The task ▸
Go over the entries and report the lines where the word "Machine" occurs.

*** Opening Entries supplied ***

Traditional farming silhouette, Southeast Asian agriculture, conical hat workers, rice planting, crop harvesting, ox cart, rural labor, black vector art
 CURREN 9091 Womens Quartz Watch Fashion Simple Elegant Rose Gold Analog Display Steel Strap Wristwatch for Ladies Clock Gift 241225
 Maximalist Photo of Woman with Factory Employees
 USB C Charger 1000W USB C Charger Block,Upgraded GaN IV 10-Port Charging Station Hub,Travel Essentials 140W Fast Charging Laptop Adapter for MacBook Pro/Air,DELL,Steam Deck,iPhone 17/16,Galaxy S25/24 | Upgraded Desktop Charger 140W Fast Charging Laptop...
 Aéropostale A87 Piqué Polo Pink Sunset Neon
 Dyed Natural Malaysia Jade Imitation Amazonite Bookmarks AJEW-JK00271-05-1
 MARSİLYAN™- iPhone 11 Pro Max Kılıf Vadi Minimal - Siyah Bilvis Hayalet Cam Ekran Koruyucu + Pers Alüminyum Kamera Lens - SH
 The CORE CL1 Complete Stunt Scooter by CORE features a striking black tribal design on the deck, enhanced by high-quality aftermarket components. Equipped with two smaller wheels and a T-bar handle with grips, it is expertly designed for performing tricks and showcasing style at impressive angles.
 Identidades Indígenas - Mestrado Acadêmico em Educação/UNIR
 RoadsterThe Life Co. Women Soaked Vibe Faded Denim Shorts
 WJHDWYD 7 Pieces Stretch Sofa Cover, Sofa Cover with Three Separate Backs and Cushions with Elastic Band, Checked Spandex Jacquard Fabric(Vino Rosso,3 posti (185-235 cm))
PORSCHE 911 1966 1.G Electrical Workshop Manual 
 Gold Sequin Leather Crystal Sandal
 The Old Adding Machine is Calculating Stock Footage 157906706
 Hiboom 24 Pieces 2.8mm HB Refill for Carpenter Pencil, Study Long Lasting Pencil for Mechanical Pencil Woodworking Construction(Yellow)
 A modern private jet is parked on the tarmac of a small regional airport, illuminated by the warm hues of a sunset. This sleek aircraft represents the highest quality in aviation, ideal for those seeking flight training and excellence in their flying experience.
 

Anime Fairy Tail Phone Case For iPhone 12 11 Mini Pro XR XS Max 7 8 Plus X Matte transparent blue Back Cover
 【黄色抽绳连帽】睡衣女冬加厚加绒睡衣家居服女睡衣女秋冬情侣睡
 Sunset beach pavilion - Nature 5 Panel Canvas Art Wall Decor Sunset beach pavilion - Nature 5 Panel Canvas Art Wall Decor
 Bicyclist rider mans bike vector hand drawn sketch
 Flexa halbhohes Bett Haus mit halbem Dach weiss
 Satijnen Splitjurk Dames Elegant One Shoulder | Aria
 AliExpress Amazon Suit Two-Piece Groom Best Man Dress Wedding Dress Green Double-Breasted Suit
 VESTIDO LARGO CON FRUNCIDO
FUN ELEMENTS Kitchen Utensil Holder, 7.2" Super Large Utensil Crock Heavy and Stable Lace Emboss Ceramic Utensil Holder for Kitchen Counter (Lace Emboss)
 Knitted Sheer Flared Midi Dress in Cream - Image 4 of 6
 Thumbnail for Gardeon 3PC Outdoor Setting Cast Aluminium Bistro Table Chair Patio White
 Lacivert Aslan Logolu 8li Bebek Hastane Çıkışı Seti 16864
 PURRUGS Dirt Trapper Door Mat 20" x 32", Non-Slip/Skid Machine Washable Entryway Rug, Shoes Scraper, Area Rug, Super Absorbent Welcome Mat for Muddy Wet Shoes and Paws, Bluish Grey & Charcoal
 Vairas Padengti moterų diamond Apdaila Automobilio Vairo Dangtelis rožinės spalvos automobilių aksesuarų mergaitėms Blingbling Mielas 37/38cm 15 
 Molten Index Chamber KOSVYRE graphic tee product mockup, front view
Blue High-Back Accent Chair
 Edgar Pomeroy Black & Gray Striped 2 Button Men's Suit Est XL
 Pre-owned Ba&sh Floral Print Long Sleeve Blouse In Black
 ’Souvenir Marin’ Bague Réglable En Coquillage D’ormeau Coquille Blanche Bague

*** Closing Entries supplied ***

Response area ▸
 The Old Adding Machine is Calculating Stock Footage 157906706
 PURRUGS Dirt Trapper Door Mat 20" x 32", Non-Slip/Skid Machine Washable Entryway Rug, Shoes Scraper, Area Rug, Super Absorbent Welcome Mat for Muddy Wet Shoes and Paws, Bluish Grey & Charcoal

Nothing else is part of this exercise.